Natural Language Processing (NLP) with PyTorch

Getting the Data

In this training, there are two options of participating.

Option 1: Download and Setup things on your laptop

The first option is to download the data below, setup the environment, and download the notebooks when we make them available. If you choose this options but do not download the data before the first day, we will have several flash drives with the data on it.

Please visit this link to download the data.

Option 2: Use O’Reilly’s online resource through your browser

The second option is to use an online resource provided by O’Reilly. On the first day of this training, you will be provided with a link to a JupyterHub instance where the environment will be pre-made and ready to go! If you choose this option, you do not have to do anything until you arrive on Sunday. You are still required to bring your laptop.

Environment Setup

On this page, you will find not only the list of dependencies to install for the tutorial, but a description of how to install them. This tutorial assumes you have a laptop with OSX or Linux. If you use Windows, you might have to install a virtual machine to get a UNIX-like environment to continue with the rest of this instruction. A lot of this instruction is more verbose than needed to accomodate participants of different skill levels.

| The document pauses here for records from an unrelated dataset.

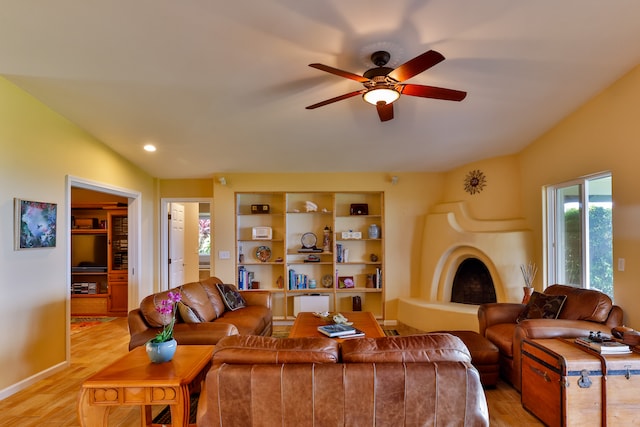 living room featuring lofted ceiling, light wood-type flooring, and ceiling fan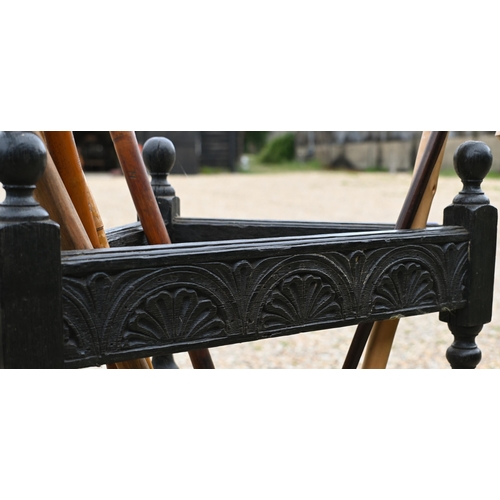 233 - A 17th century credence style stained oak corner table, to/with an oak corner stick stand and sticks... 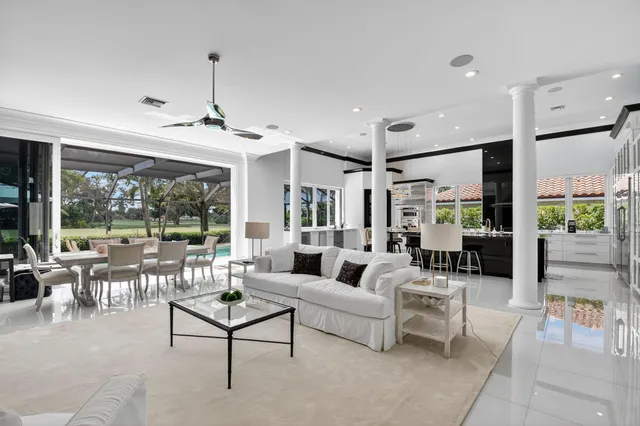 a view of a dining room with furniture wooden floor and chandelier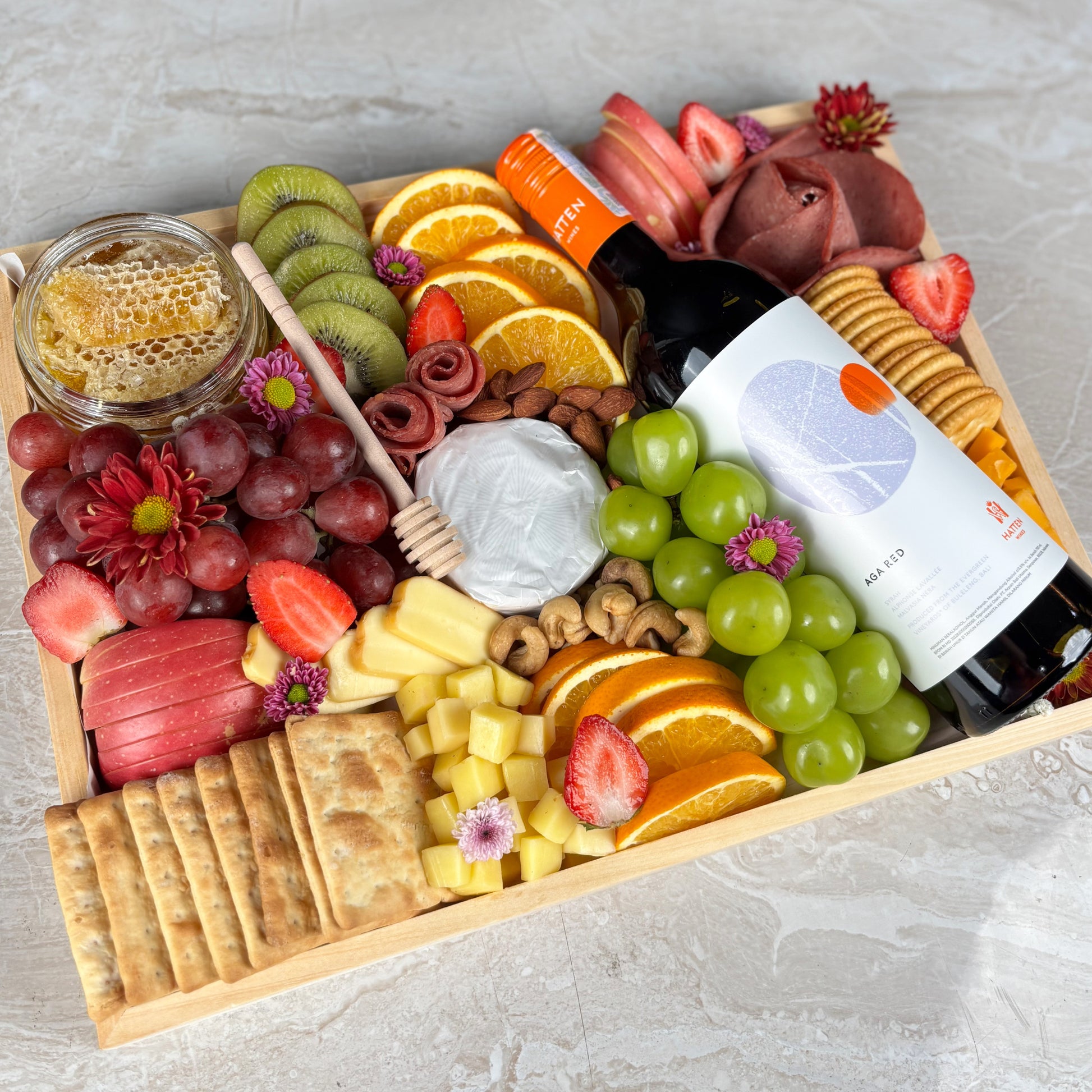Red wine cheese platter on wooden tray with fruits and cheeses by le bliss platter. Luxury cheese platter gift with wine, grapes, and brie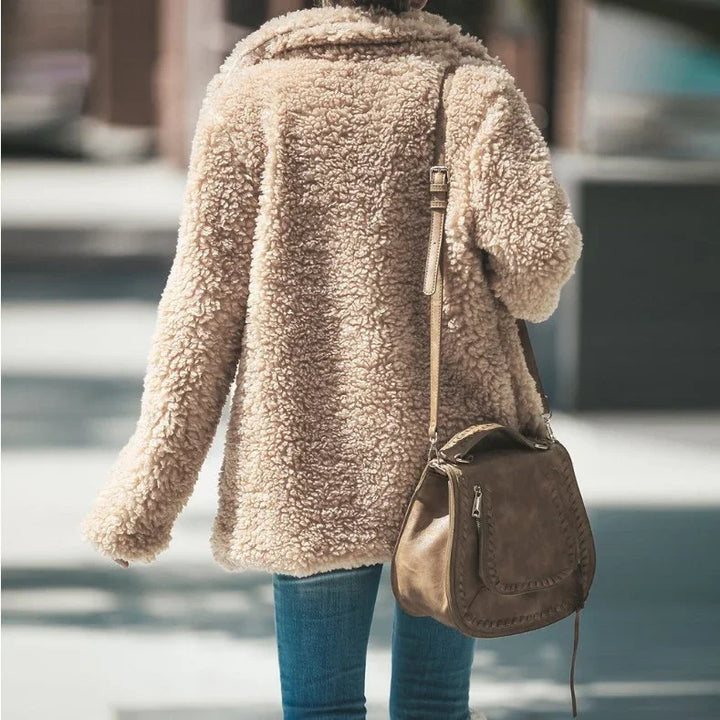 Woman wearing beige teddy coat and blue jeans carrying a brown leather shoulder handbag outdoors
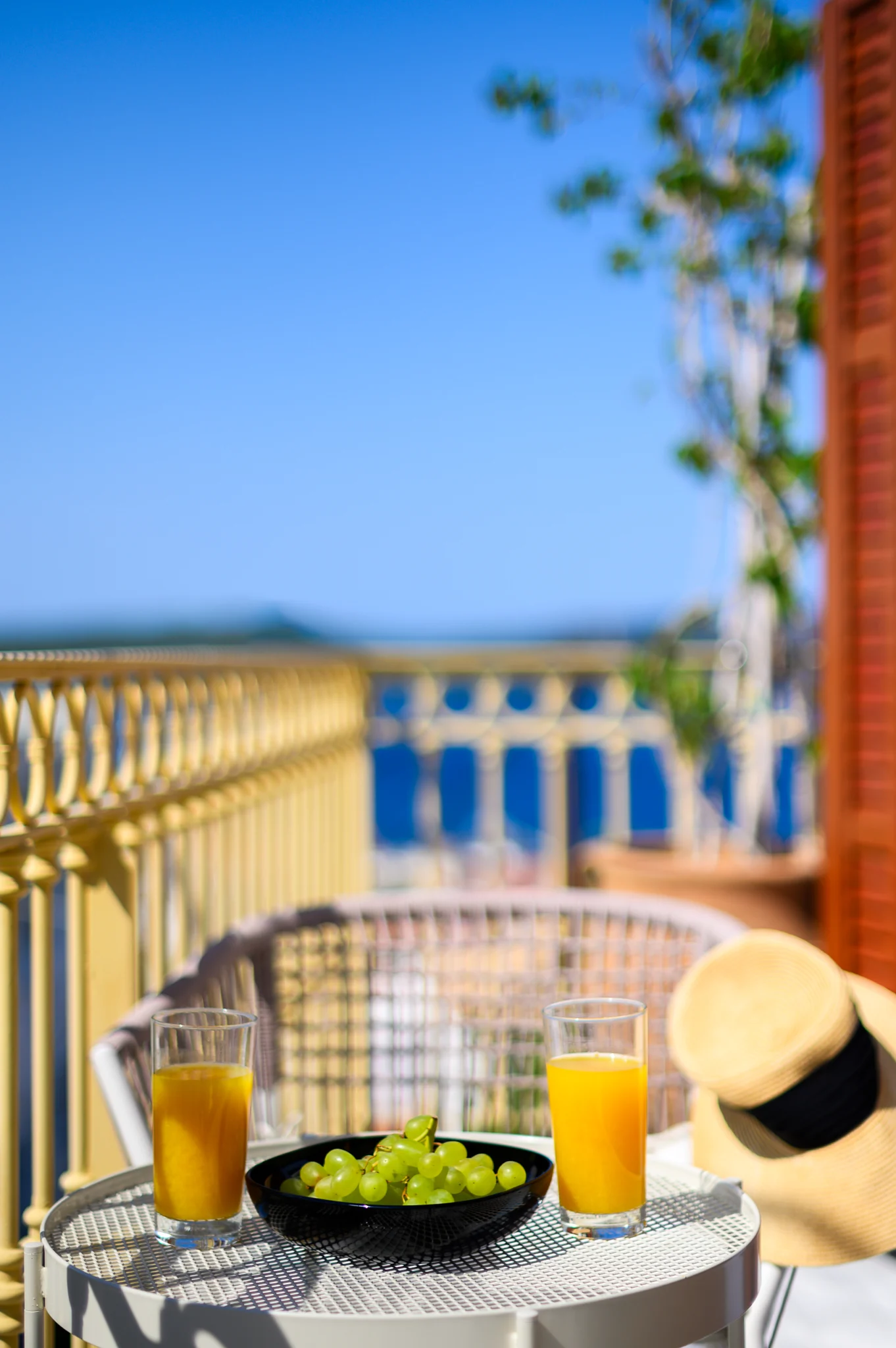 Breakfast table with orange juice on a balcony overlooking the sea at Blue Sky House, Pylos, Peloponnese, Greece.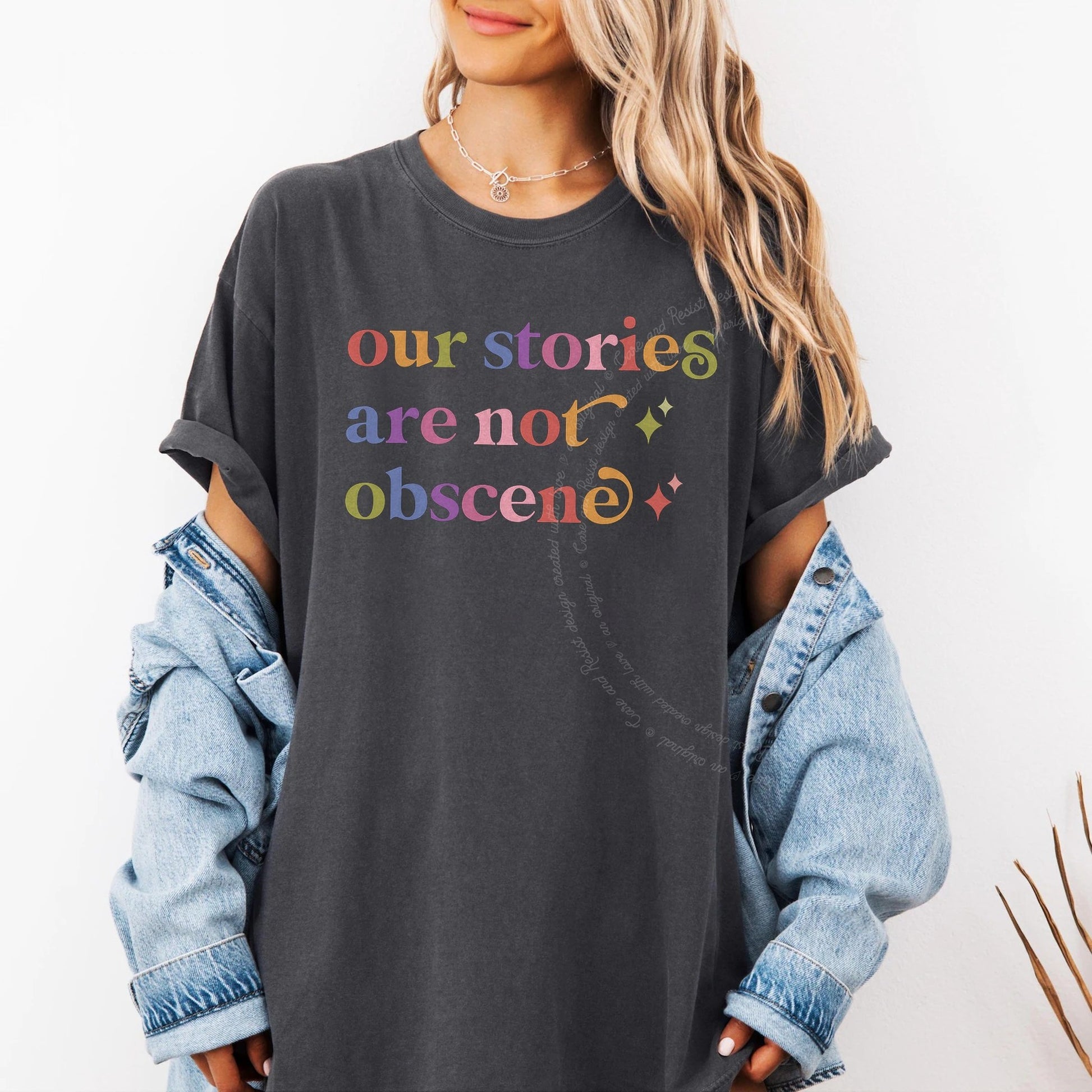 Our Stories are not Obscene Care & Resist rainbow Comfort Colors tee, Graphite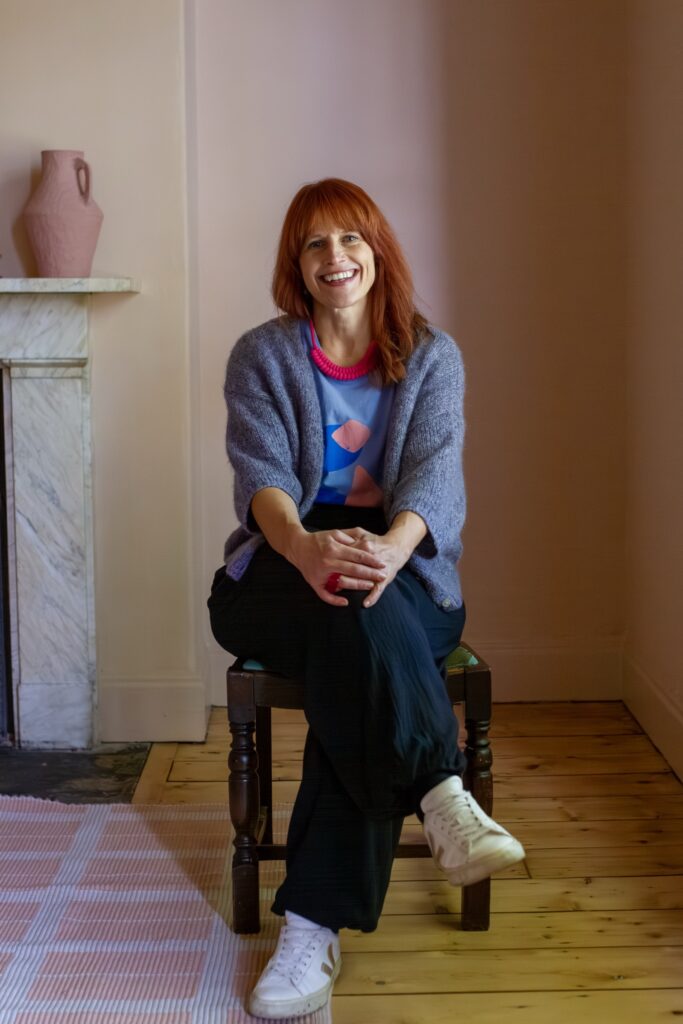 Nicola smiling, sitting on a wooden chair in a pink room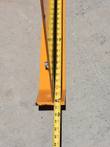 Wolverine snow plow blade edge with tape measure for height reference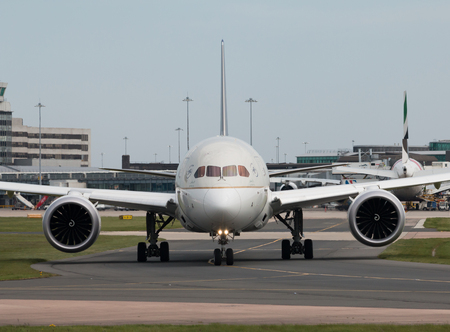 Saudia Boeing 787-9 wide-body passenger plane (HZ-ARA) taxiing on Manchester International Airport tarmac.のeditorial素材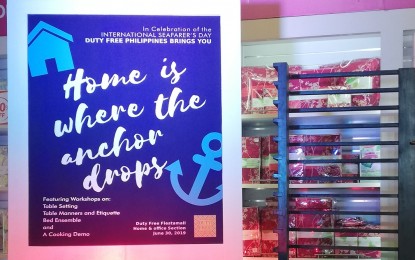 <p><strong>DUTY FREE REWARDS PROGRAM.</strong> Poster of the "Home is Where the Anchor Drops" workshop for Filipino seafarers at the Fiestamall in Parañaque City on Sunday (June 30, 2019). To date, seafarers from 20 DFPC-accredited manning agencies enjoy perks and exclusive discounts through the Seafarer Shopping Privilege Program.<em> (PNA photo by Joyce Rocamora)</em></p>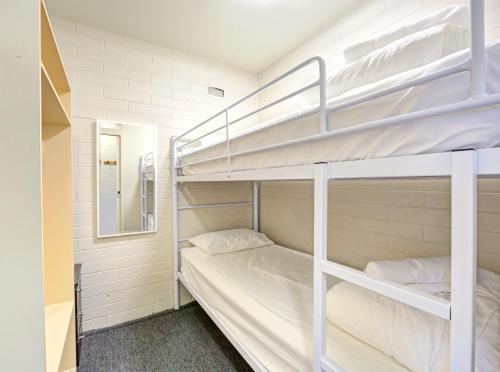 a bedroom with two bunk beds and a mirror at Snow Ski Apartments 27 in Falls Creek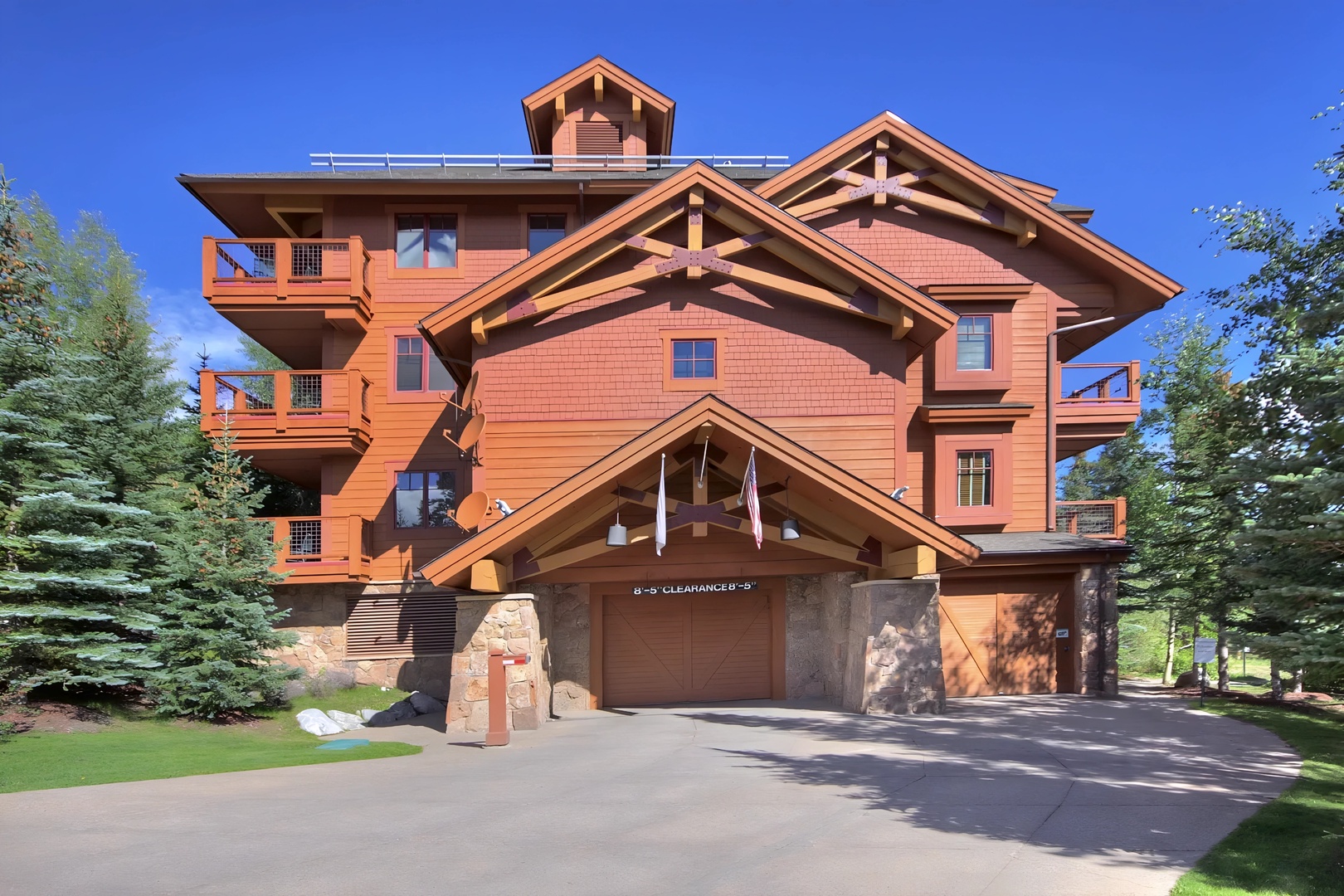 Striking mountain lodge with distinctive timber architecture and stone accents, featuring covered garage and mature landscaping against vibrant blue skies.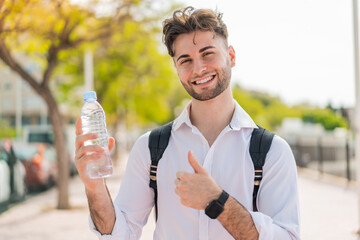Young handsome man with a bottle of water at outdoors with thumbs up because something good has happened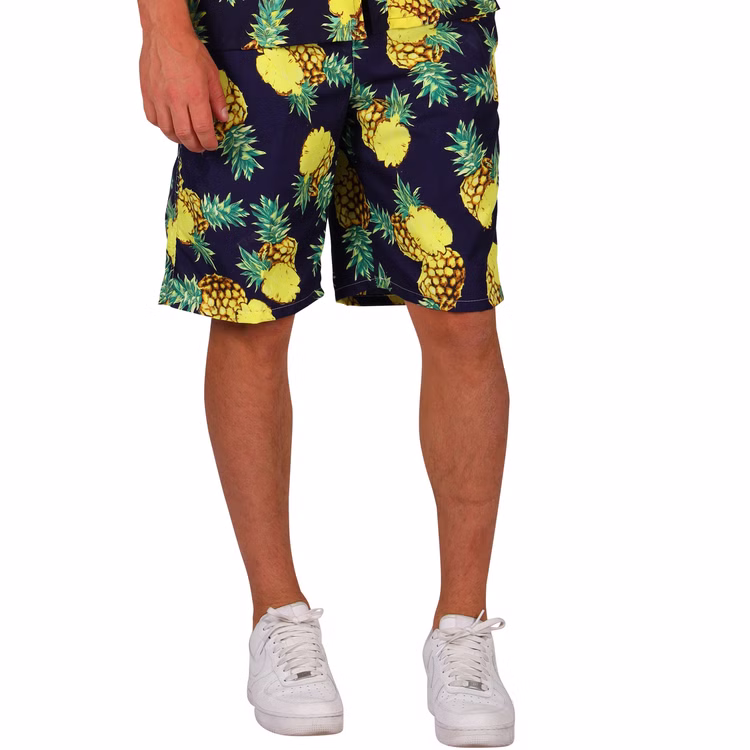 Hawaii Shorts mit Ananas-Motiv kurze Hosen Urlaubs-Outfit für Herren Gr. M-XXL Kostüm-Zubehör Beachparty Strandurlaub Fasching Karneval Mottoparty Ein Mann trägt eine schwarze Shorts mit gelbem Ananasmuster, kombiniert mit weißen Sportschuhen.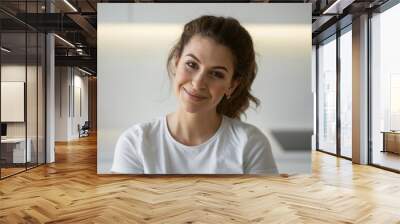 woman is sitting at home in the kitchen in front of a gadget, looking at the camera, a student Manager is typing a message and writing on a computer laptop work on distance learning. copy space Wall mural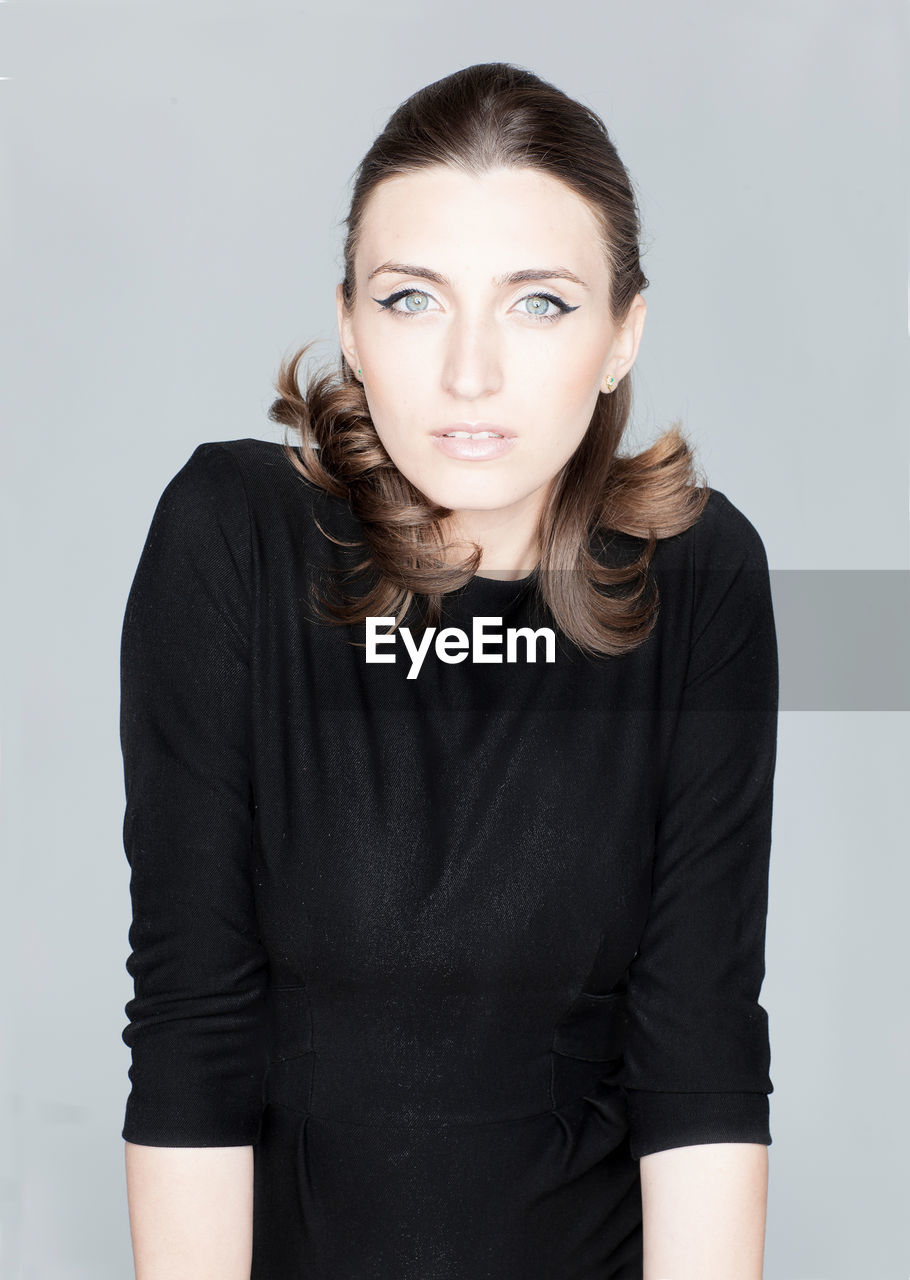Portrait of beautiful young woman against gray background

Please note that these are only optional. On the first day of this training, you will be provided with a link to a JupyterHub instance where the environment will be pre-made and ready to go!

0. Get Anaconda

Anaconda is a Python (and R) distribution that aims to provide everything needed for common scientific and machine learning situations out-of-the-box. We chose Anaconda for this tutorial as it significantly simplifies Python dependency management.

In practice, Anaconda can be used to manage different environment and packages. This setup document will assume that you have Anaconda installed as your default Python distribution.

You can download Anaconda here: https://www.continuum.io/downloads

After installing Anaconda, you can access its command-line interface with the conda command.

1. Create a new environment

Environments are a tool for sanitary software development. By this, we mean that you can install specific versions of packages without worrying that it breaks a dependency elsewhere.

Here is how you can create an environment with Anaconda

conda create -n dl4nlp python=3.6

2. Install Dependencies

2a. Activate the environment

After creating the environment, you need to activate the environment:

source activate dl4nlp

After an environment is activated, it might prepend/append itself to your console prompt to let you know it is active.

With the environment activated, any installation commands (whether it is pip install X, python setup.py install or using Anaconda’s install command conda install X) will only install inside the environment.

2b. Install IPython and Jupyter

Two core dependencies are IPython and Jupyter. Let’s install them first:

conda install ipython
conda install jupyter

To allow a jupyter notebooks to use this environment as their kernel, it needs to be linked:

python -m ipykernel install --user --name dl4nlp

2c. Installing CUDA (optional)

NOTE: CUDA is currently not supported out of the conda package control manager. Please refer to pytorch’s github repository for compilation instructions.

If you have a CUDA compatible GPU, it is worthwhile to take advantage of it as it can significantly speedup training and make your PyTorch experimentation more enjoyable.

To install CUDA:

  1. Download CUDA appropriate to your OS/Arch from here.
  2. Follow installation steps for your architecture/OS. For Ubuntu/x86_64, see here.
  3. Download and install CUDNN from here.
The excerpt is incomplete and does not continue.